Cela lui rappela une histoire à propos de Djé Tsongkhapa. Pendant son séjour au monastère de Kyormoloung, où il se concentrait sur l'étude du vinaya, Tsongkhapa prit le pli de rejoindre la communauté monastique pour leurs sessions de prière. Souvent, pendant ces sessions, lorsque l'assemblée récitait le Soutra du cœur, il entrait en méditation profonde et restait concentré en un seul point. Il lui arrivait d’être tellement absorbé qu'on le laissait seul dans la gompa après que le reste de la congrégation eut terminé ses prières et quitté les lieux. Le pilier particulier près duquel Tsongkhapa s'asseyait pendant ces sessions fut plus tard vénéré comme "le pilier de la concentration".
« Quand vous réalisez directement la vacuité », dit Sa Sainteté, « vous entrez sur le chemin de la vision. Puis vous gravissez les différents niveaux du bodhisattva. Au septième niveau, vous vous éloignez complètement des émotions perturbatrices. »

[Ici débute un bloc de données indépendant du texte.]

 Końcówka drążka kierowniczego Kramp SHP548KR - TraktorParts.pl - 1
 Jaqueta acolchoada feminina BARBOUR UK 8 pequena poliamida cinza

En lisant les versets du texte, Sa Sainteté souligna qu'à partir du verset 22, les arguments exposés contredisent le point de vue de l'Esprit unique. À partir du verset 55, est présentée la vue de la voie du milieu. Précisant que la vacuité n'est pas une vue nihiliste, parce que toute chose naît de la production dépendante, Sa Sainteté s'est arrêté pour la journée au verset 59.
En répondant aux questions de quelques membres de l’assemblée, Sa Sainteté clarifia que la vacuité aux quatre aspects, mentionnée dans le "Soutra du Cœur" signifie que la vacuité est une caractéristique de quelque chose - il doit y avoir quelque chose qui en est son fondement. Il ajouta que la forme et la vacuité sont de même nature, tout en étant conceptuellement distinctes.
Par ailleurs, il indiqua clairement que lorsque nous disons que quelque chose ne peut être trouvé, nous ne disons pas qu'il n'existe pas. Il cita l'analogie de Dromteunpa que le feu et une main sont libres d'existence inhérente, mais si vous mettez votre main dans le feu, elle se brûlera. Par l’analyse, vous ne pouvez pas trouver un feu ou une main qui existerait intrinsèquement, bien que les deux aient une existence conventionnelle.
Interrogé sur le fait de cultiver l'esprit altruiste d'éveil de la bodhicitta au quotidien, Sa Sainteté déclara que lorsque vous comprenez qu'il existe un moyen de surmonter la souffrance, vous pouvez générer le désir d'aider les autres à faire exactement cela. La bodhicitta prend racine dans le sentiment d'amour et de compassion que nous voyons exprimé par toutes les traditions religieuses, mais elle implique spécifiquement une aspiration à atteindre l'éveil afin de répondre de la meilleure manière à ceux qui en ont besoin.
Sa Sainteté continuera demain la lecture du Commentaire de l'esprit d’éveil.